FIELD OF THE INVENTION This invention relates to the field of destruction of explosives and propellants, and more particularly to prevent solvent evaporation and to leave a solid explosive residue on the feeder. The present invention relates to a method and system for delivering high energy waste, such as propellants or explosives, dissolved in a volatile solvent, into a waste destruction system while preventing.

[0002]

BACKGROUND OF THE INVENTION Propellants and explosives are high energy systems containing high energy groups such as nitrate and azide groups and fine metal particles. The problem then is to dispose of these substances as waste. The use of molten salt baths containing alkali metal carbonates to destroy propellant and explosive waste has been developed. Since these substances are very sensitive as detonation solids that can explode, they can be dissolved in organic solvents such as ketones (eg acetone), ethers and acetates to form a pourable slurry. Is being done. However, because the ketones, ethers and acetates used to form the slurry are very volatile, the feed injectors or injectors are located in the heating vessel of the molten salt waste destruction system. If so, the heat transferred to the supply injector may evaporate the organic solvent and leave a solid residue inside the piping to the injector, which may cause detonation.

[0003]

The present invention provides an improved method and apparatus for feeding a waste slurry of propellant or explosive dissolved in a volatile solvent to a waste destruction system. To aim. Another object of the present invention is to incorporate acetone or other volatile organic solvent into acetone or other volatile organic solvent without evaporating the acetone or other volatile organic solvent during the passage of the waste slurry through the feed system. A method and apparatus for feeding a waste slurry of dissolved propellant or explosive through a feeder into a molten salt bath for destroying the propellant or explosive.

[0004]

According to the present invention, a high energy waste slurry of propellant or explosive containing a volatile organic solvent such as acetone, when the slurry of propellant or explosive is heated. Methods and systems are provided for actively cooling a dispensed injector.
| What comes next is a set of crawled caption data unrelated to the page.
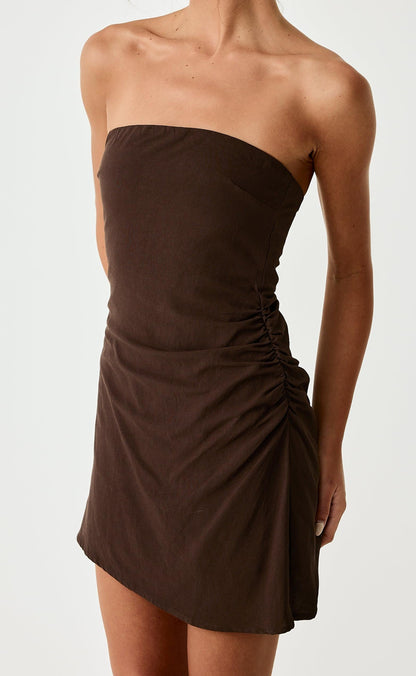 Coastal Mini Dress (Chocolate)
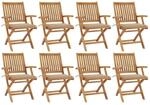 vidaXL Klappbare Gartenst&uuml;hle mit Kissen 8 Stk Massivholz Teak 3072780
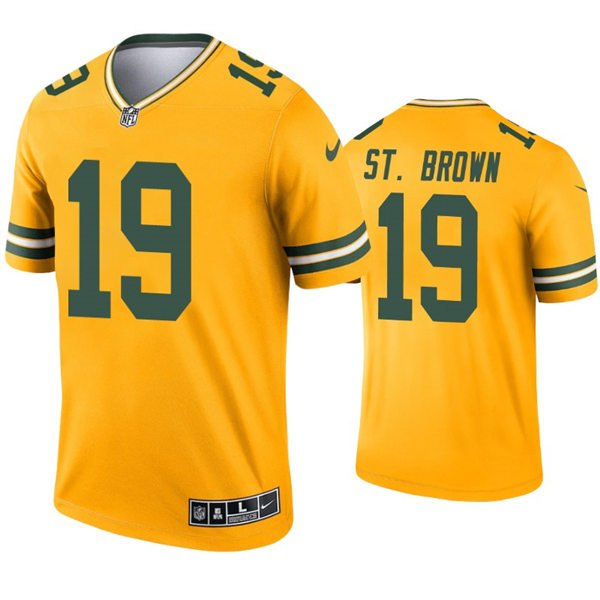 Mens Green Bay Packers #19 Equanimeous St. Brown Nike Gold Inverted Legend Jersey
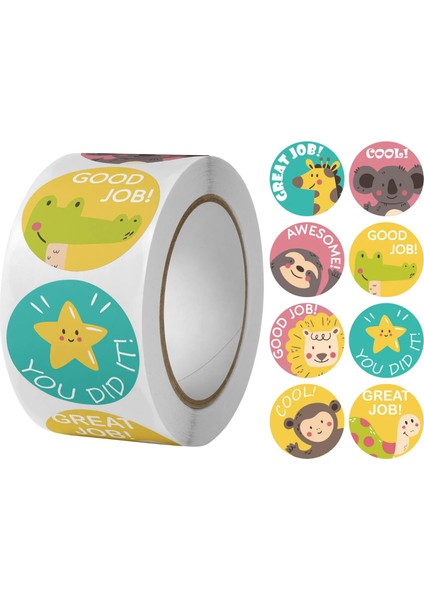 QY1650-100PCS 100-500PCS Okul Teşvik Için Sevimli Ödül Çıkartmaları 1 Inç Kağıt Dekorasyon Öğretmen Öğrenci Aile Scrapbooking Çıkartmaları (Yurt Dışından) fiyatları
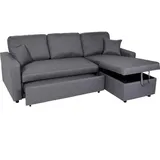 MCW Sofa L-Form, Liegefläche Nosagfederung 228cm ~ dunkelgrau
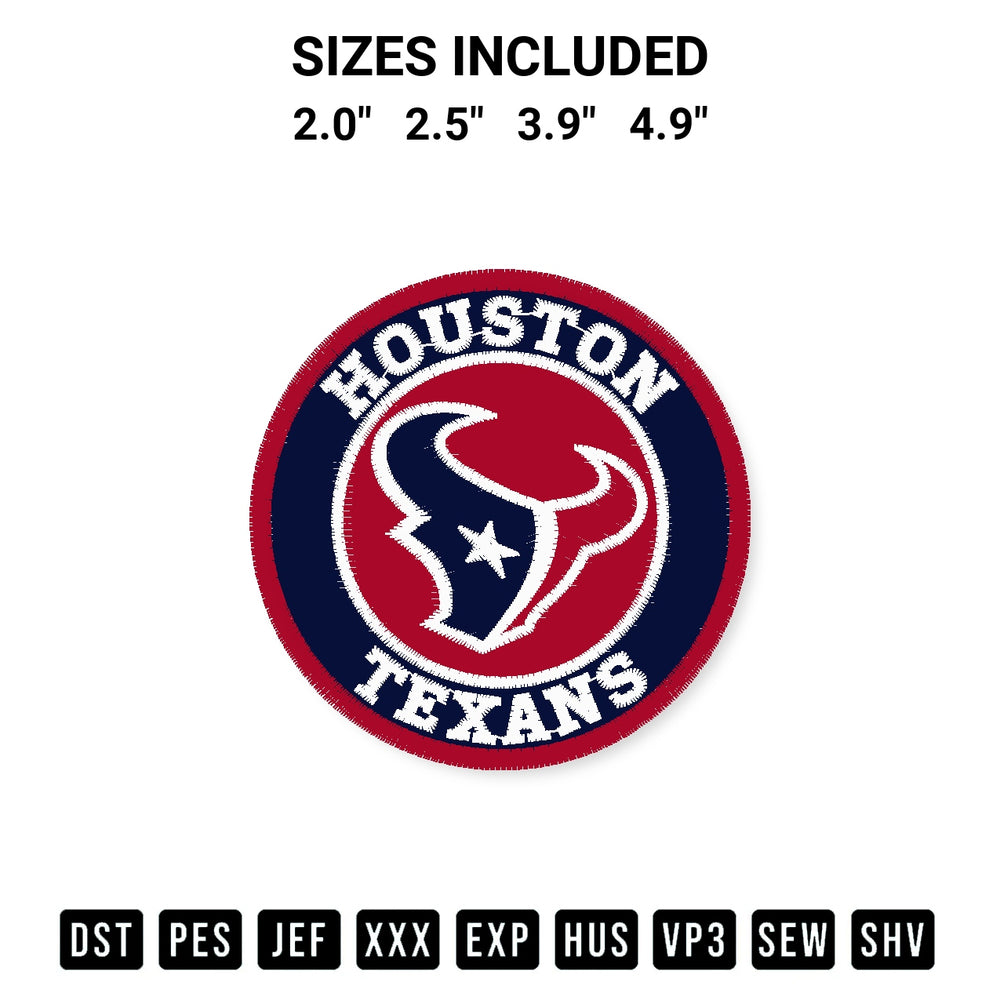 Elevate your next project with our Nfl Houston Texans Logo Embroidery Design embroidery file. Shop high-quality digital patterns instantly at Designspacks.com. Available sizes: 2.0", 2.5", 3.9", 4.9".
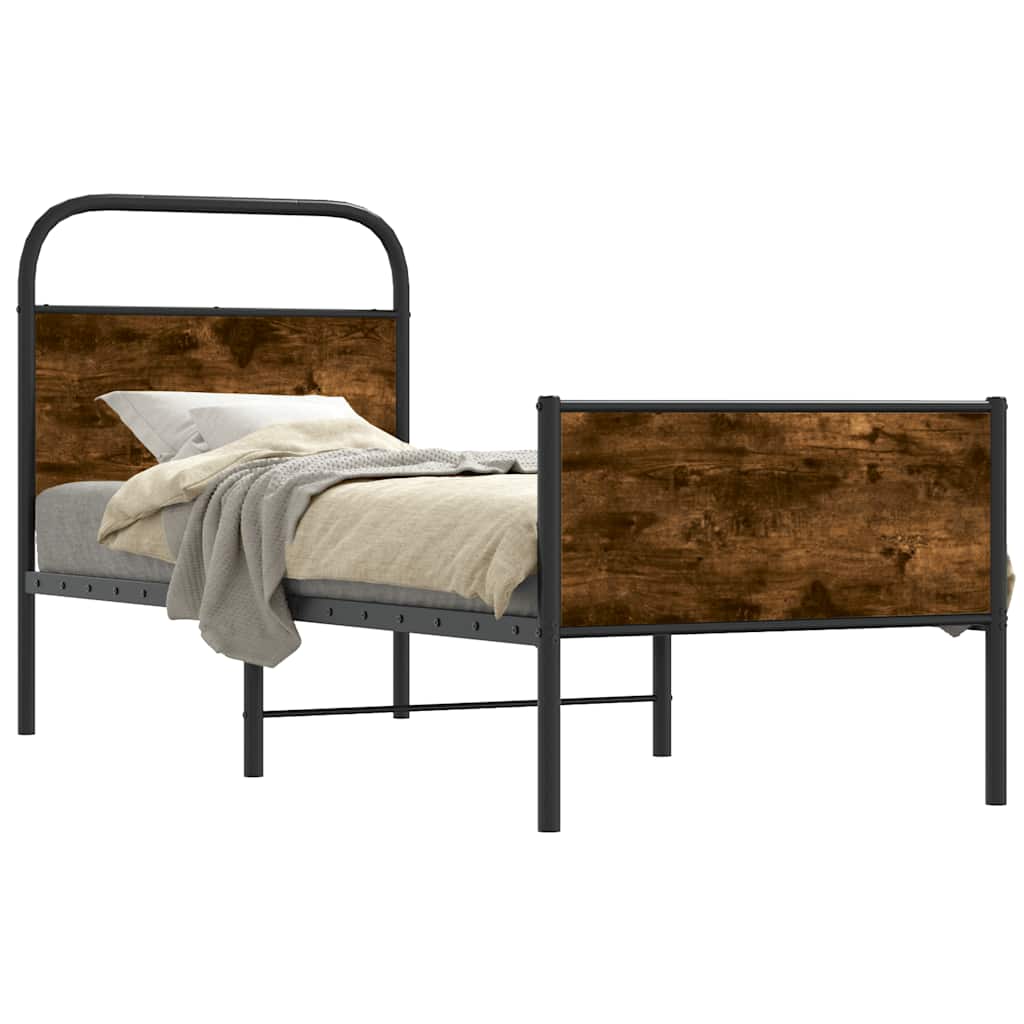 vidaXL Bed Frame without Mattress 75x190 cm Sonoma Oak Engineered Wood 2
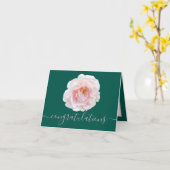 Prachtige roze Rose Aqua Achtergrond Gefeliciteerd Kaart (Gele Bloem)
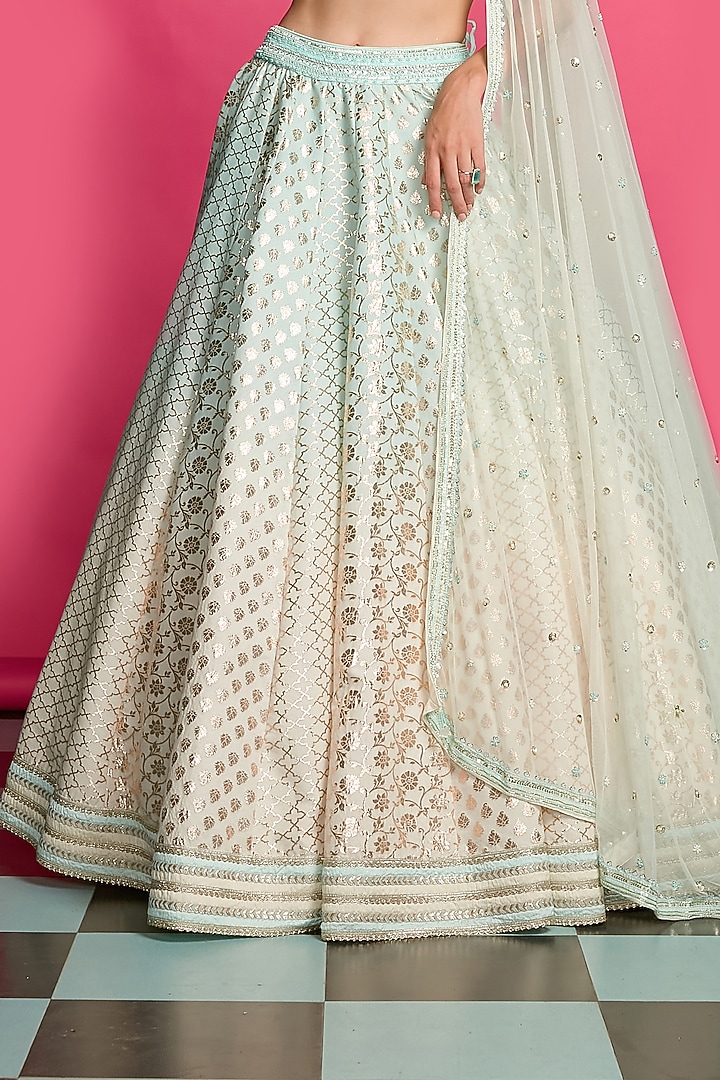 Ivory & Blue Cotton Chanderi Threadwork Wedding Lehenga Set by Priyanka Jain at Pernia's Pop Up Shop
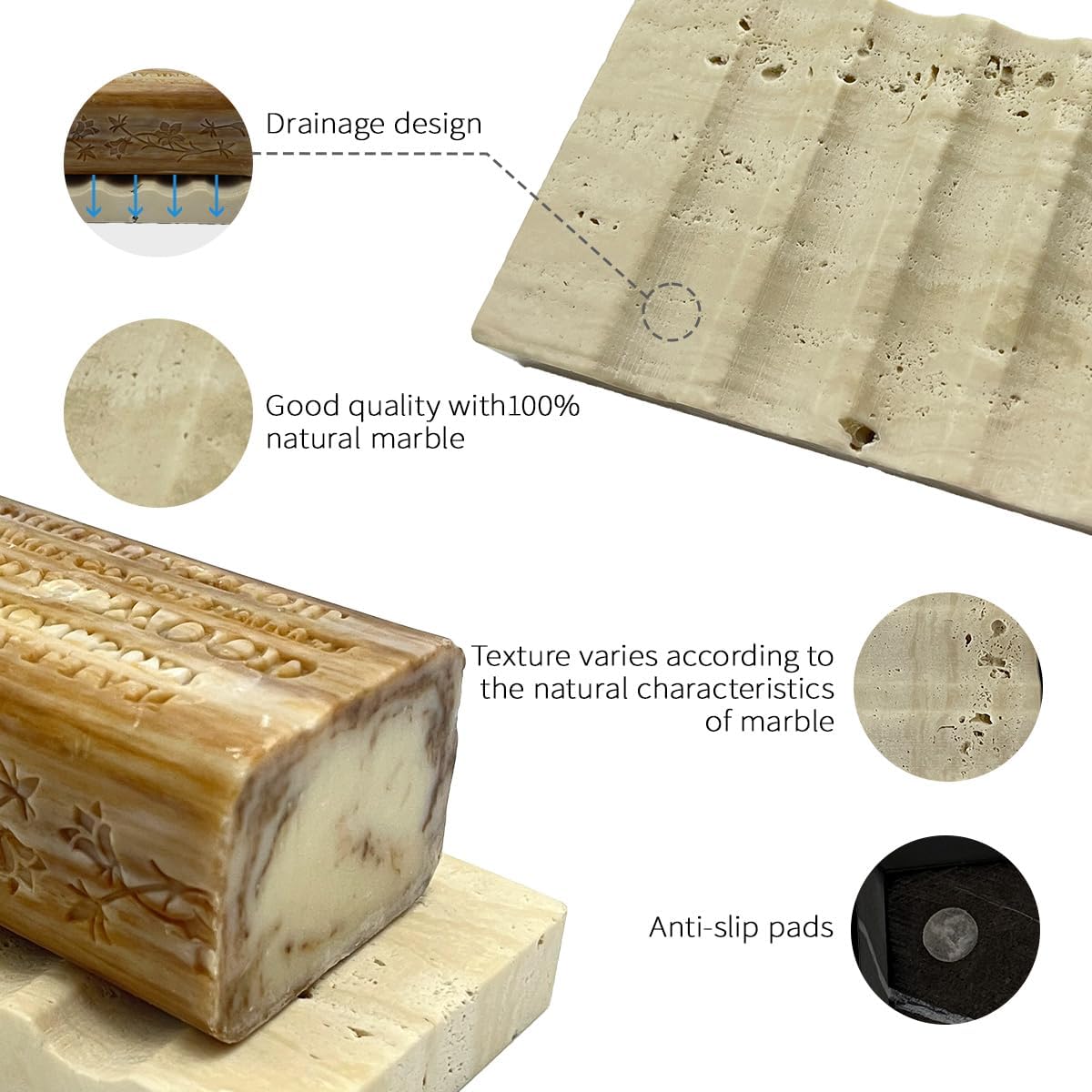 WeDoDecor Real Marble Soap Dish for Shower Stone Tray Small Bar Soap Holder with Self Draining | Non-Slip, Luxury Bath Room Accessories (White)
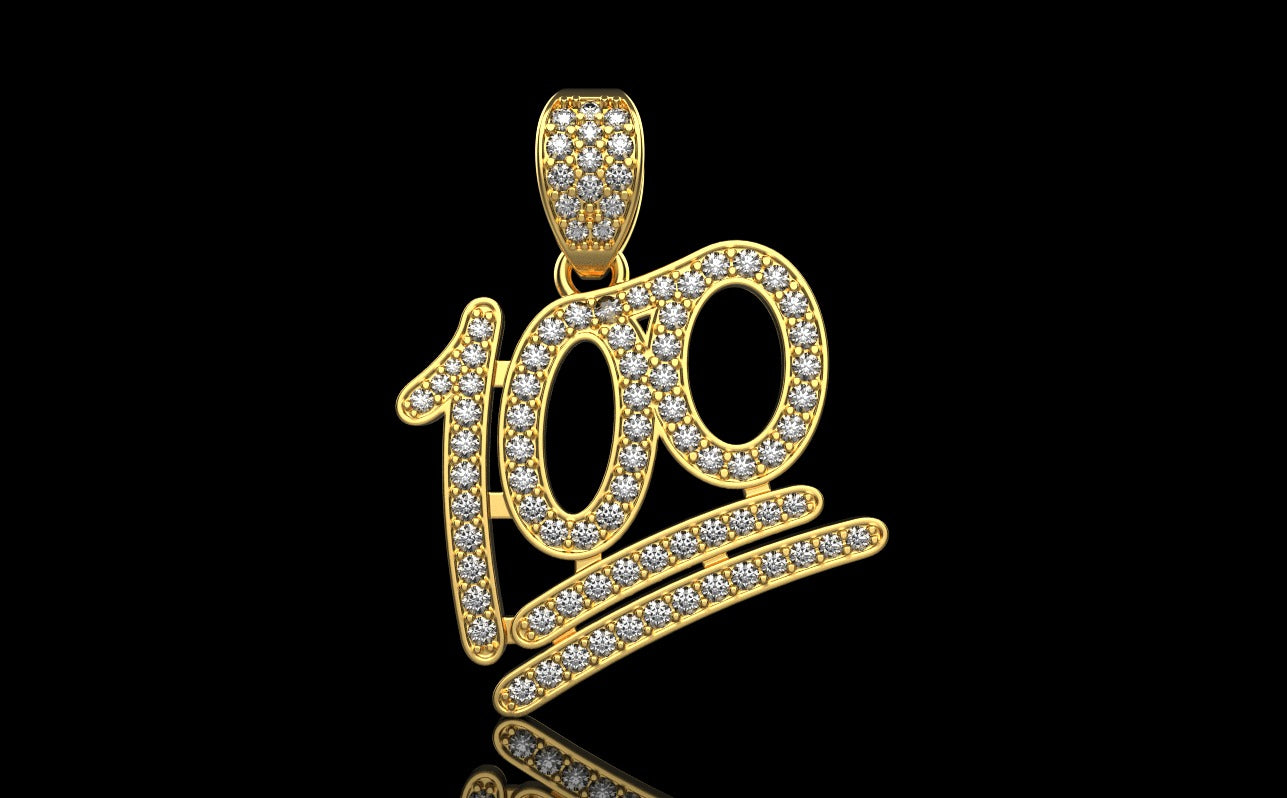 14K Solid Gold Diamond Number 100 Pendant / Diamond 100% Diamond Pendant / Number 100 Diamond Pendant / Unisex 100 Number Pendant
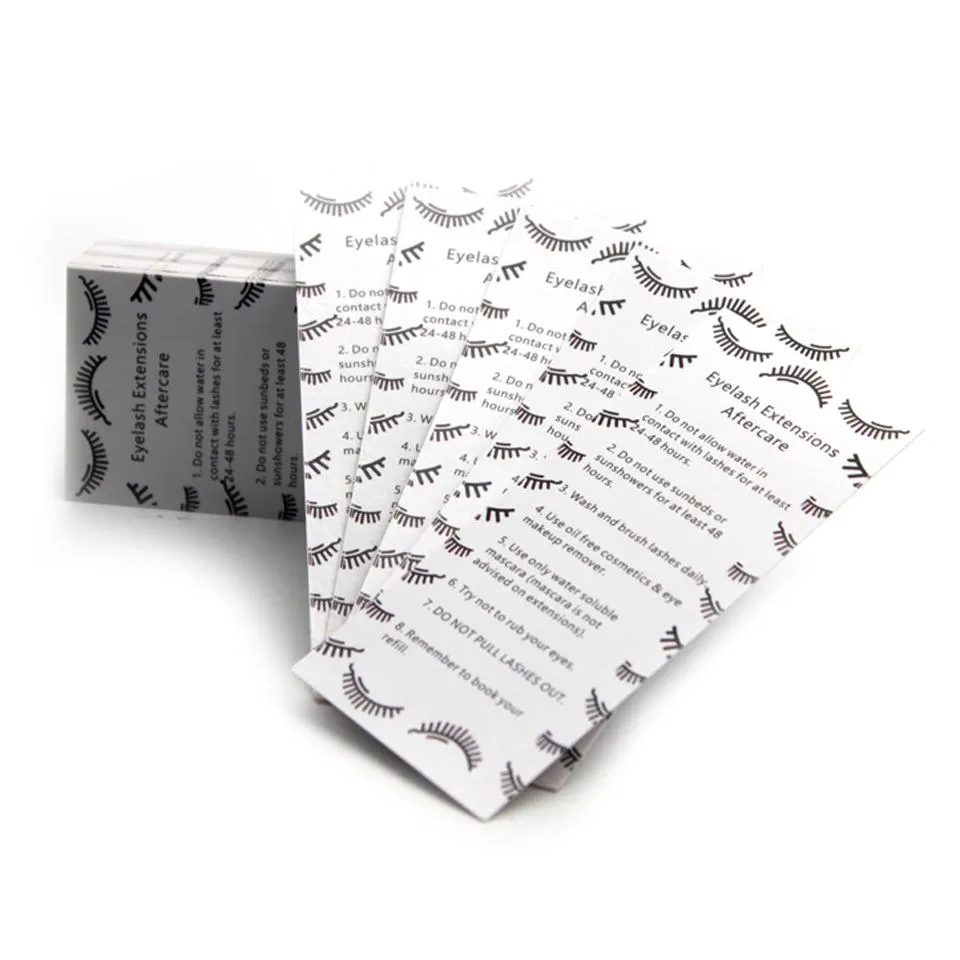 Borstels wimpers nazorgkaart lash extensions zorginstructies wimperverlenging zorgsjabloon minimalistische kaarten make -up set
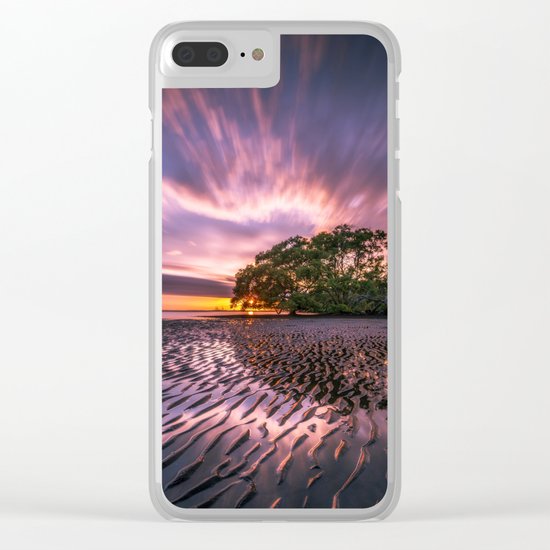 Landscape reflection 2 waves sky Clear iPhone Case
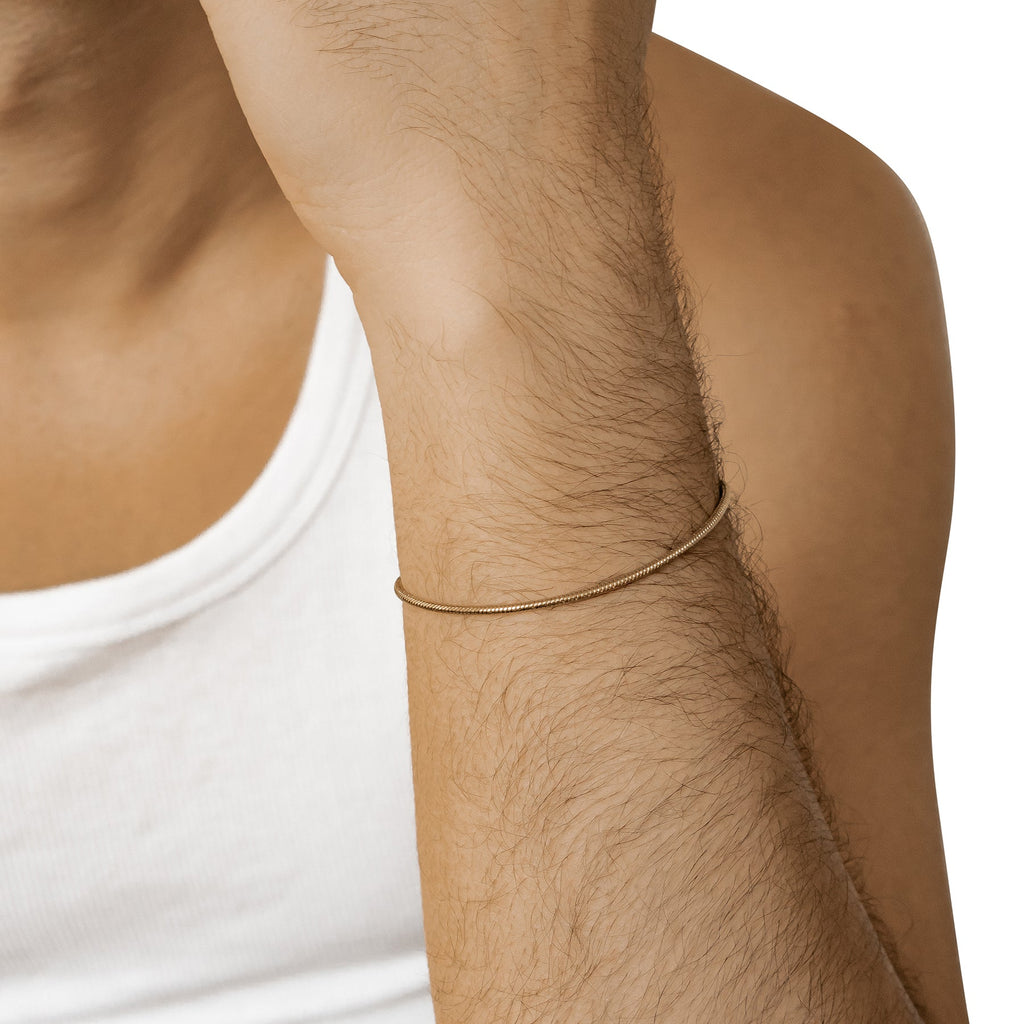 Round Snake Chain Bracelet Gold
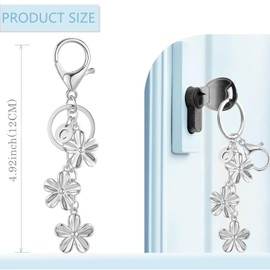 XGALBLA Silver Initial Keychain Silver Flower Charms for Key Cute Letter Keyring for Purse Handbag Backpack(C)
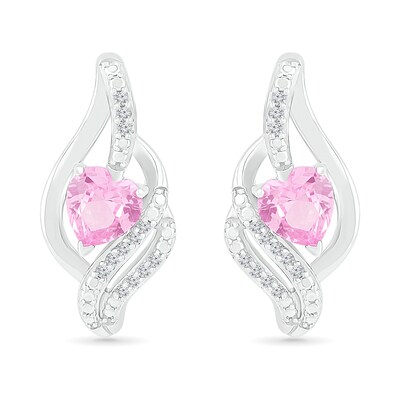 Heart-Shaped Pink Lab-Created Sapphire Ribbon Flame Stud Earrings in Sterling Silver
Therefore, the solvent in the slurry does not evaporate and explosive residues are not formed, and the slurry is discharged from the injector for supply to a waste destruction system such as a molten salt bath. Is passed.

In accordance with the present invention, such high energy waste cooling is accomplished using a carbon dioxide liquid. The carbon dioxide liquid is introduced into the annular portion of the injector for heat exchange with the waste slurry passing through the central tube in the injector. The injector for the supply is usually provided in the furnace containing the molten salt waste destruction bath, so that it is not possible to use a conventional aqueous coolant, for example water. When a leak occurs in the injector, water may enter the molten salt bath, resulting in a steam explosion. Since a carbon dioxide liquid is used according to the present invention, the carbon dioxide liquid will evaporate during the heat exchange cooling period with the waste slurry in the injector, producing vapors or other potentially explosive substances. Absent. Conventional cooling gases such as air or helium cannot be used. This is because heat removal is insufficient in the gas state.

[0007]

DESCRIPTION OF THE PREFERRED EMBODIMENT Referring to FIG. 1, there is provided a positively cooled slurry injector 10 according to the present invention,
It is a central tube 1 for passing the slurry to be fed
2 and both ends are open. A second, larger diameter tube 14 is concentrically provided around tube 12. The bottom 16 of the tube 14 is closed but its upper end is open. Third small diameter tube 18
Is provided in an annular portion (annular space) 20 between the tubes 12 and 14 and extends downwardly near its bottom. The carbon dioxide liquid is fed downwards via the tube 18 and is discharged from its bottom into the annular portion 20 and passes in heat exchange relation with the slurry in the central tube 12, while cooling the slurry and CO Evaporate ₂ . The carbon dioxide liquid supplied to the tube 18 and into the annular portion 20 is typically under a pressure of, for example, 800 psi at a temperature of about 0 ° C. or less. CO ₂ gas is pipe 14
Is emitted from the upper end of the. This is because the bottom of the tube 14 is closed. In this way, it removes heat from the flow tube 12 around the outside of the central tube 12.

The slurry injector is normally located in the furnace as shown in FIG. 2, so it receives heat from the outside, but the cooling capacity of the carbon dioxide liquid is to keep the slurry sufficiently cooled. Is possible, so that volatile solvents therein, such as acetone, do not evaporate.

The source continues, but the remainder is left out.